__RECORDS FOR THE EXERCISE__

══════════════════════════════

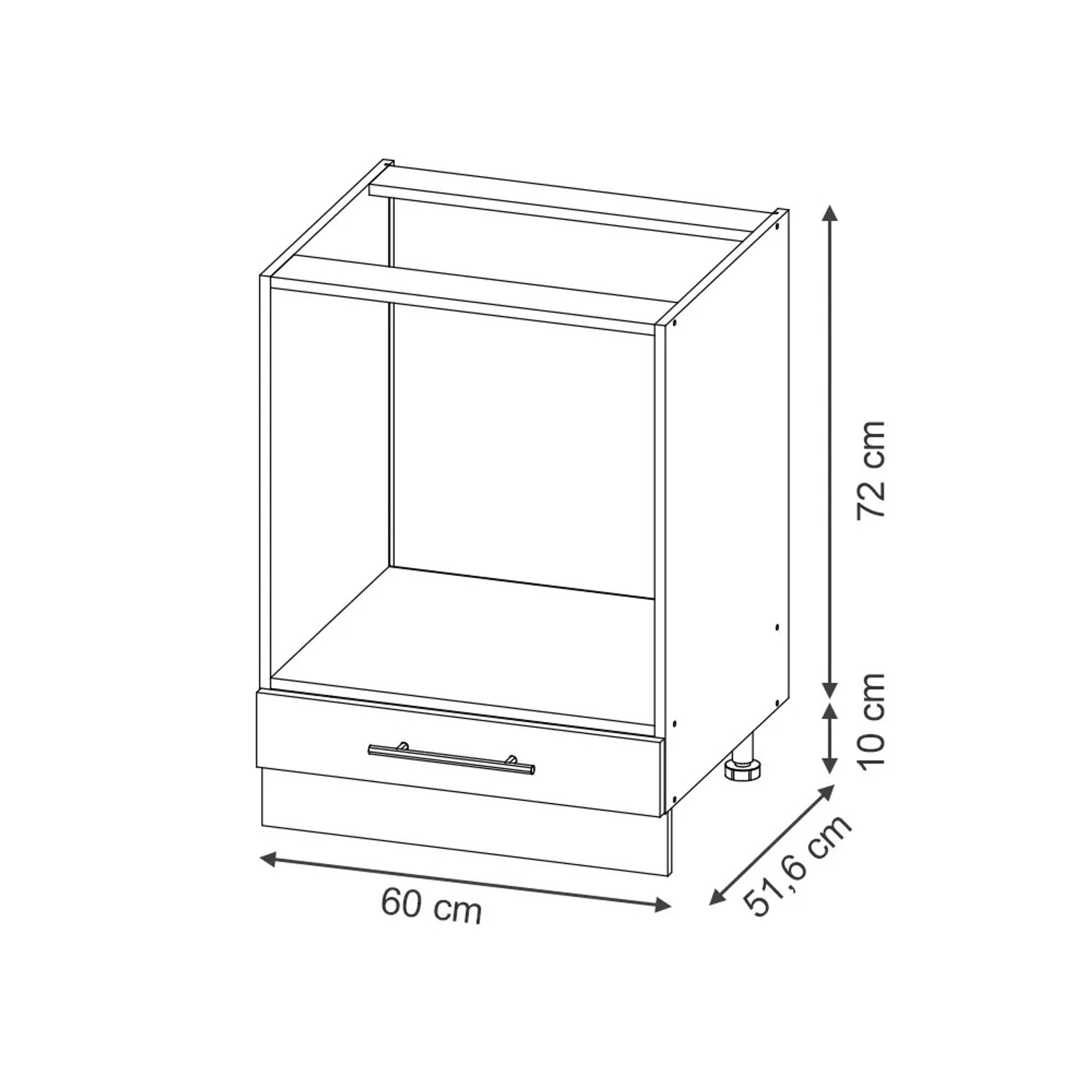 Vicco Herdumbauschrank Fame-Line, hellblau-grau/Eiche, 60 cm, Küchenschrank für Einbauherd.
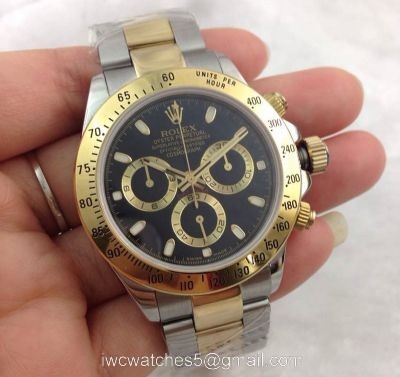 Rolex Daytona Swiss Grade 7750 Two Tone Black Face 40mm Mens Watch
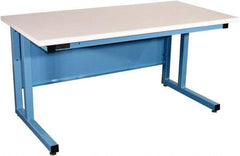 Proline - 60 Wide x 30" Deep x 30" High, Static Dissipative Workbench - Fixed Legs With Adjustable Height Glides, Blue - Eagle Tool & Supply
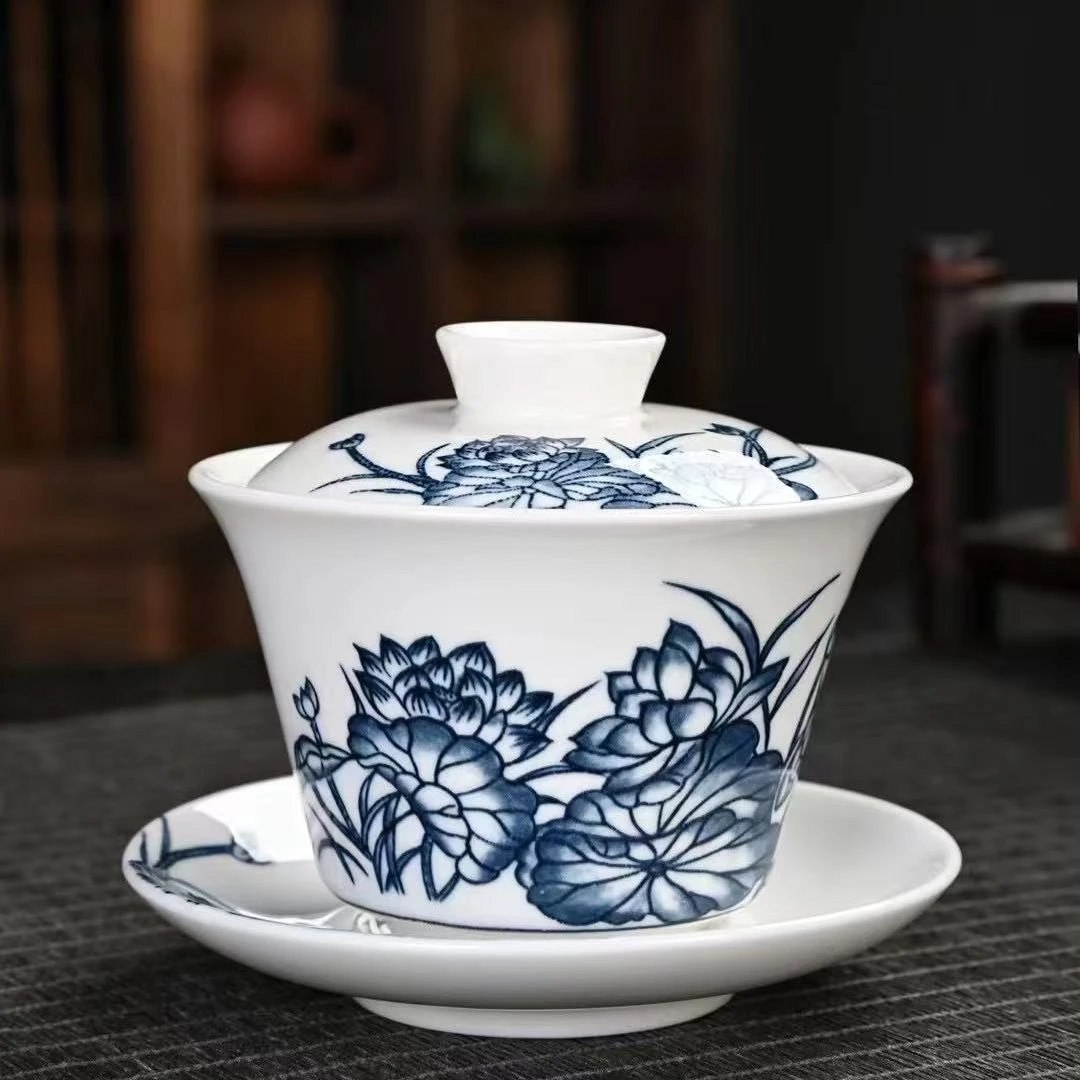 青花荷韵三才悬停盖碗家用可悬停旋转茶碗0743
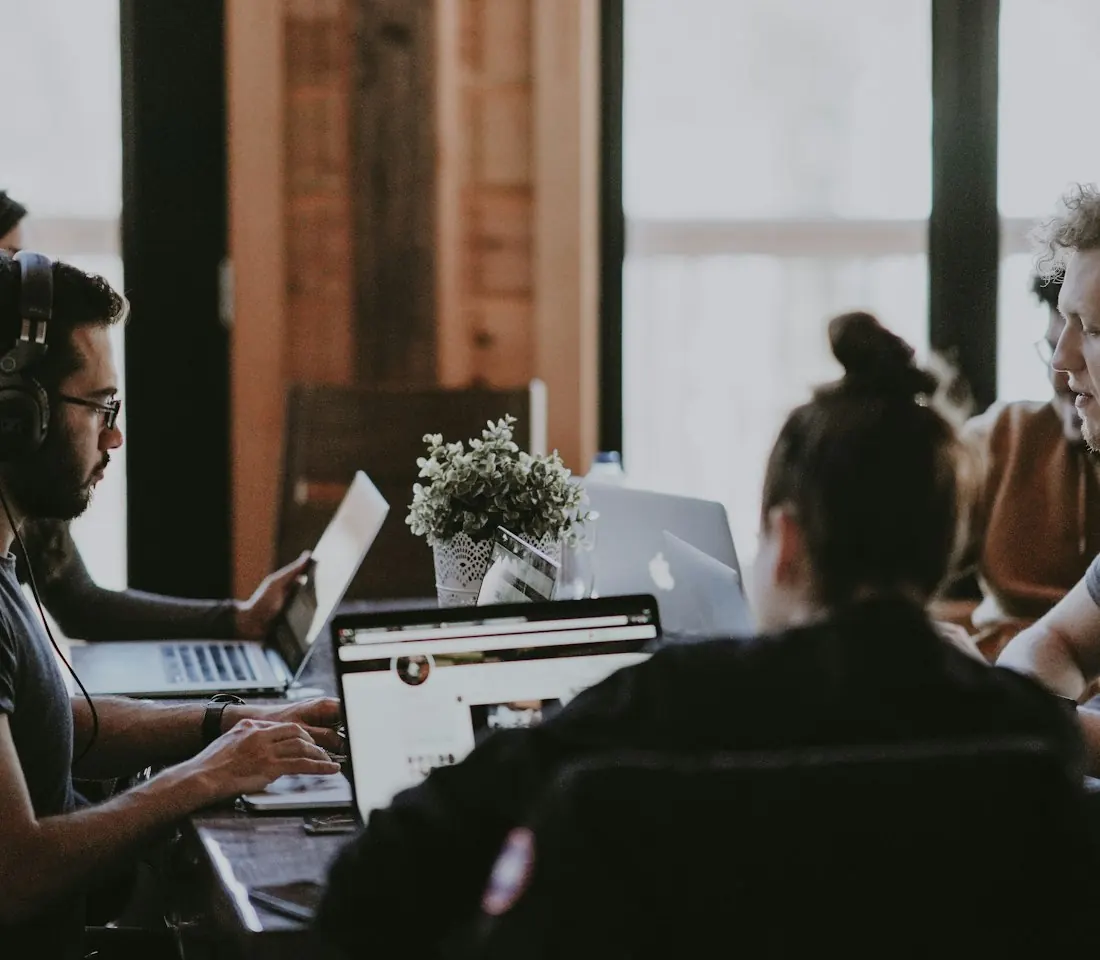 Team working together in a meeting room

══════════════════════════════

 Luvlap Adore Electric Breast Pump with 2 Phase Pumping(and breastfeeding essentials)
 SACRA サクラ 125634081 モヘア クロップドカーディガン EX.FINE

══════════════════════════════

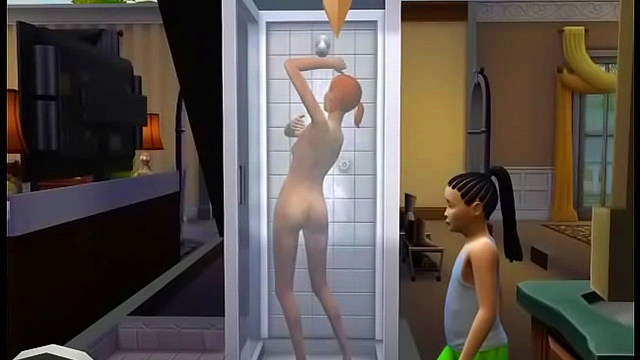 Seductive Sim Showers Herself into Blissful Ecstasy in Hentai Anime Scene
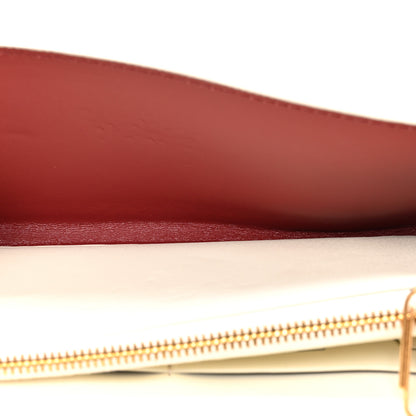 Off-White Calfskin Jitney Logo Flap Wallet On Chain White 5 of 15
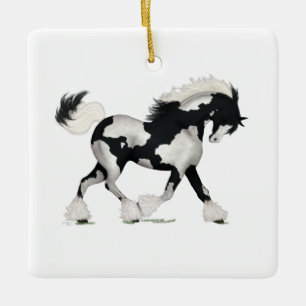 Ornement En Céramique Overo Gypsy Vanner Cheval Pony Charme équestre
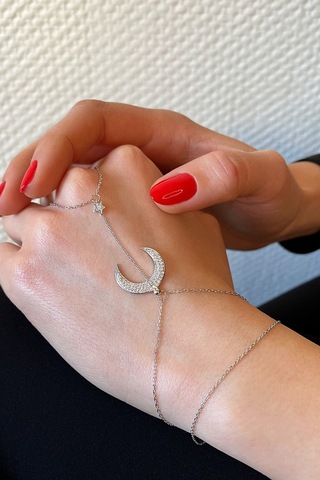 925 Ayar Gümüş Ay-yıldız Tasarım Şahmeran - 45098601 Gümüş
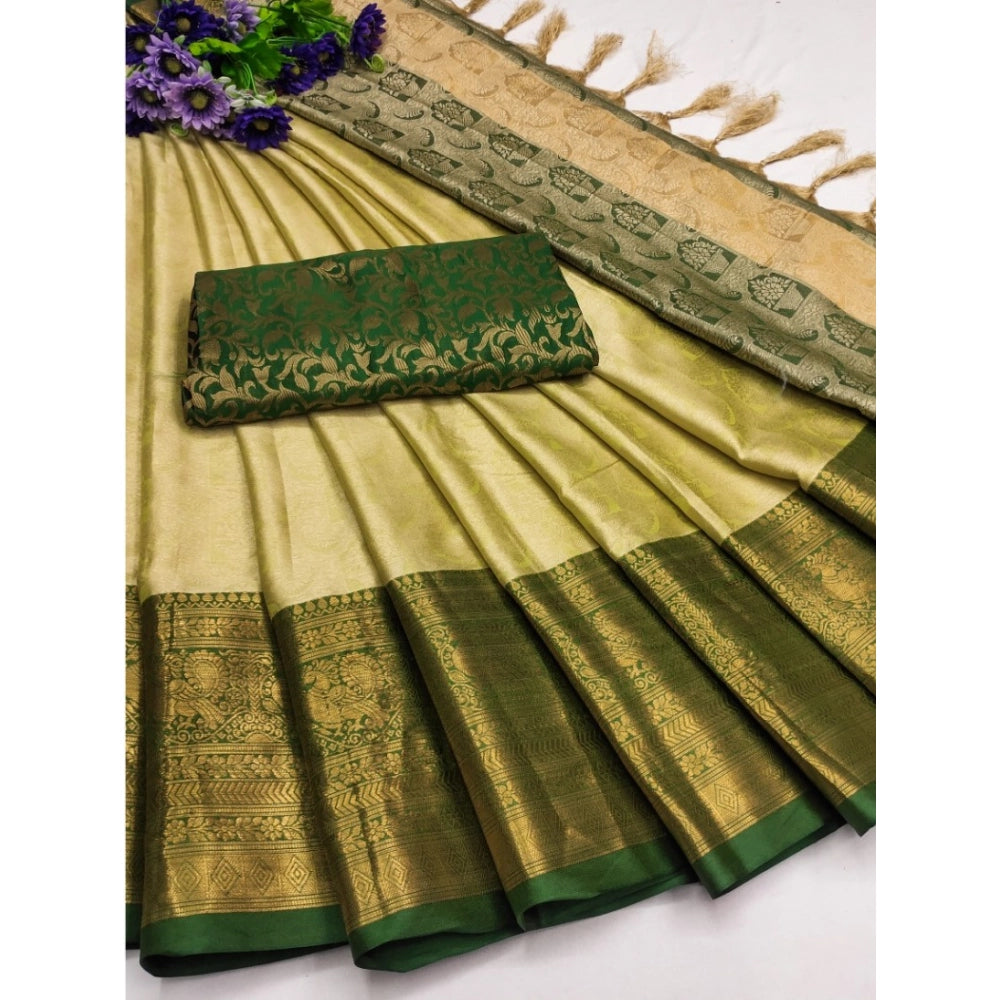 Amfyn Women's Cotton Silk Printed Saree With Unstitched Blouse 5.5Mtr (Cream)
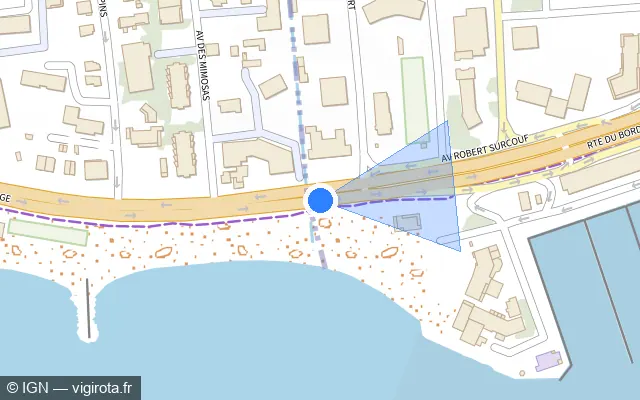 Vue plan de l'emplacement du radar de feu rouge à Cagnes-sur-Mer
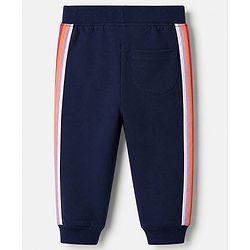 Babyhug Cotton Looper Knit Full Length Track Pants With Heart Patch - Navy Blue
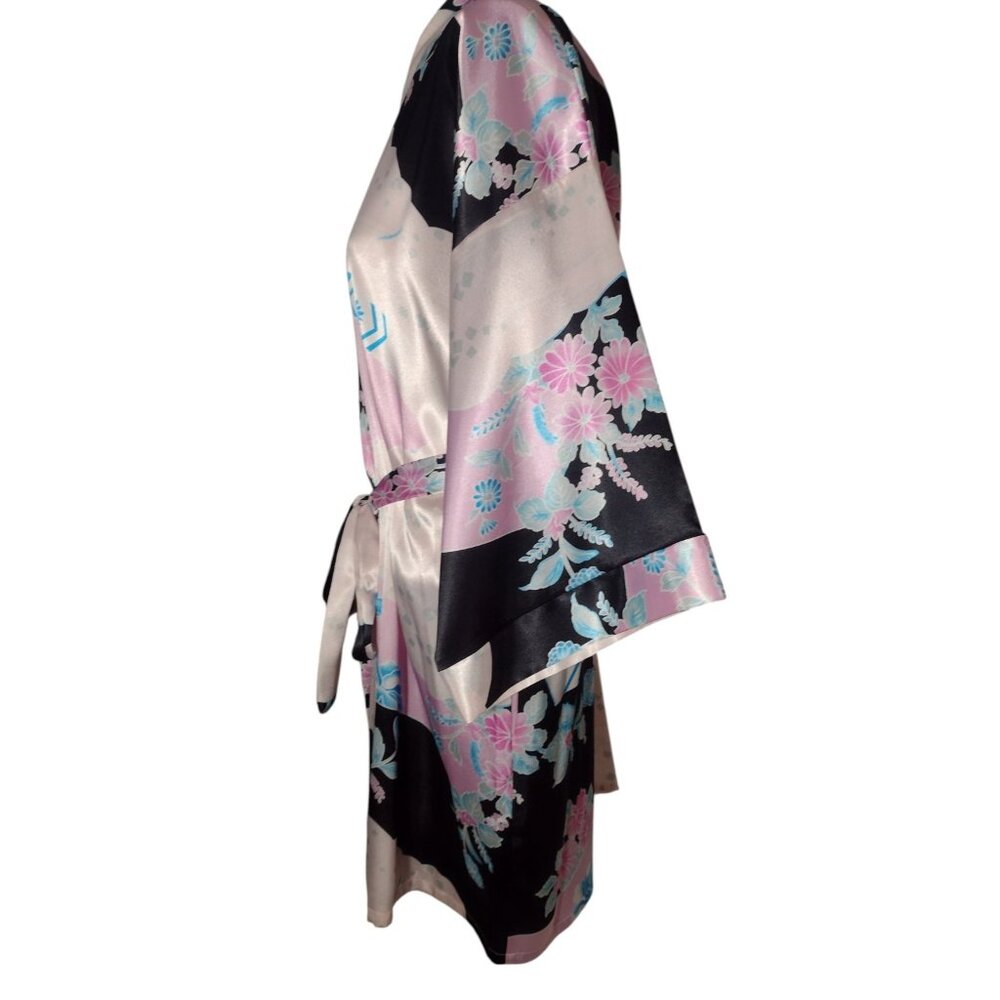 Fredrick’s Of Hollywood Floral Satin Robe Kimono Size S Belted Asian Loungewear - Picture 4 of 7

══════════════════════════════

__TASK GOAL__
If a picture sits between the line containing "Vicco Herdumbauschrank Fame-Line, hellblau-grau/Eiche, 60" and the line containing "Team working together in a meeting room", leave it out, and return the lines of that range above exactly, both ends included.

__REPLY TO THE TASK__
 Vicco Herdumbauschrank Fame-Line, hellblau-grau/Eiche, 60 cm, Küchenschrank für Einbauherd.
 Rolex Daytona Swiss Grade 7750 Two Tone Black Face 40mm Mens Watch
 Proline - 60 Wide x 30" Deep x 30" High, Static Dissipative Workbench - Fixed Legs With Adjustable Height Glides, Blue - Eagle Tool & Supply
 青花荷韵三才悬停盖碗家用可悬停旋转茶碗0743
 Team working together in a meeting room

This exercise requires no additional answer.